Home > Intel Communities > Open Port IT Community > The Server Room > Blog > Tags > data_center_manager

The Server Room Blog

4 Posts tagged with the data_center_manager tag
0

In spite of significant gains in server energy efficiency, power consumption in data centers is still trending up.  At the very least, we can make sure that the energy expended yields maximum benefit to the business.  A first step in managing power in the servers in a data center is having a fairly accurate monitoring capability for power consumption.  The second step is to have a number of levers that allow using the monitoring data to carry out an effective power management policy.

 

While we may not be able to stem the overall growth of power consumption in the data center, there are a number of measures we can take immediately:

· Implement a peak shaving capability.  The data center power infrastructure needs to be sized to meet the demands of peak power.  Reducing peaks effectively increase the utilization of the existing power infrastructure.

· Be smart about shifting power consumption peaks. All the watts are not created equal.  The incremental cost of generating an extra watt of power during peak consumption hours is much higher than the same watt generated in the wee hours of the morning.  For most consumer and the smaller commercial accounts flat rate pricing still prevails.  Real time pricing (RTP) and negotiated SLAs will become more common to put the appropriate economic incentives in place.  The incentive of real time pricing is a lower energy bill overall, although the outcome is not guaranteed.  In pilot programs residential consumers have complained that RTP result in higher electricity costs.  With negotiated SLAs the customer can designate a workload to be subject to lower reliability; for instance, instead of 3 9’s, or outages amounting to about 10 hours per year, the low reliability workload can be designated as only 90 percent reliable, and can be out on the average of two hours per day.
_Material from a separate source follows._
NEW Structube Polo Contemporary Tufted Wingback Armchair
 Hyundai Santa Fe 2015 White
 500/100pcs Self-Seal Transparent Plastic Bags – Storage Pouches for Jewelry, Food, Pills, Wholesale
· Match the electric power infrastructure in the data center to server workloads to minimize over-provisioning.  This approach assumes the existence of an accurate power consumption monitoring capability.

· Upgrading the electrical power infrastructure to accommodate additional servers is not an option in most data centers today.  Landing additional servers at a facility that's working at the limit of thermal capacity leads to the formation of hot spots, this assuming that electrical capacity limits are not reached first with no room left in certain branch circuits.  Hence measures that work under the existing power infrastructure are to be preferred over alternatives that require additional infrastructure.

 

 

For the purposes data center strategic planning it may make economic sense to grow large data centers in a modular fashion.  If the organization manages a number of data centers, consider making effective use of the existing data centers, and when new construction is justified, redistribute the workloads to the new data center to maximize the use of the new electrical supply infrastructure.

 

Intel has built into its server processor lineup a number of technology ingredients that allow data center operators optimize the utilization of the available power system infrastructure in the data center.

 

 

Newer servers of the Nehalem generation are much more energy efficient, if only because of the side effect of increased performance per watt.  These servers also have a more aggressive implementation of power proportional computing.  Typical idle consumption figures are in the order of 50 percent of peak power consumption.

 

 

Beyond passive mechanisms that do not require explicit operator intervention, the Intel® Intelligent Power Node Manager (Node Manager) technology allows adjusting the power draw of a server and trade off power consumption against performance.  This capability is also known as power capping.  The control range is a function of server loading.  For the Intel SR5520UR baseboard on the 2U chassis, the server will draw about 300 watts at full load and its power consumption can be rolled down to about 200 watts.  The control range tapers down gradually until it reaches zero at idle.

 

 

For power monitoring, selected models of the current Nehalem generation come with PMBus specification compliant power supplies allowing real-time power consumption readouts.

 

 

The Node Manager power monitoring and capping capability apply to a single server.  To make this capability really useful it is necessary to exercise these capabilities collectively to groups of servers, to add the notion of events and a capability to build a historical record of power consumption for the servers in a group.  The additional capabilities have been implemented in software through the Data Center Manager Software Development Kit developed by the Intel Solutions and Software Group.  An additional Software Development Kit, Cache River allows programming access to components in servers and server building blocks produced by the Intel Enterprise Products Server Division (EPSD), including the baseboard management controller (BMC) and the management engine (ME), the subsystems that host or interact with the Node Management firmware.  EPSD products are incorporated in many OEM and system integrator offerings.

 

Data Center Manager implements abstractions that apply to collections of servers:

·  A hierarchical notion of logical server groups

·  Power management policies bound to specific server groups

·  Event management and a publish/subscribe facility for acting upon and managing power and thermal events.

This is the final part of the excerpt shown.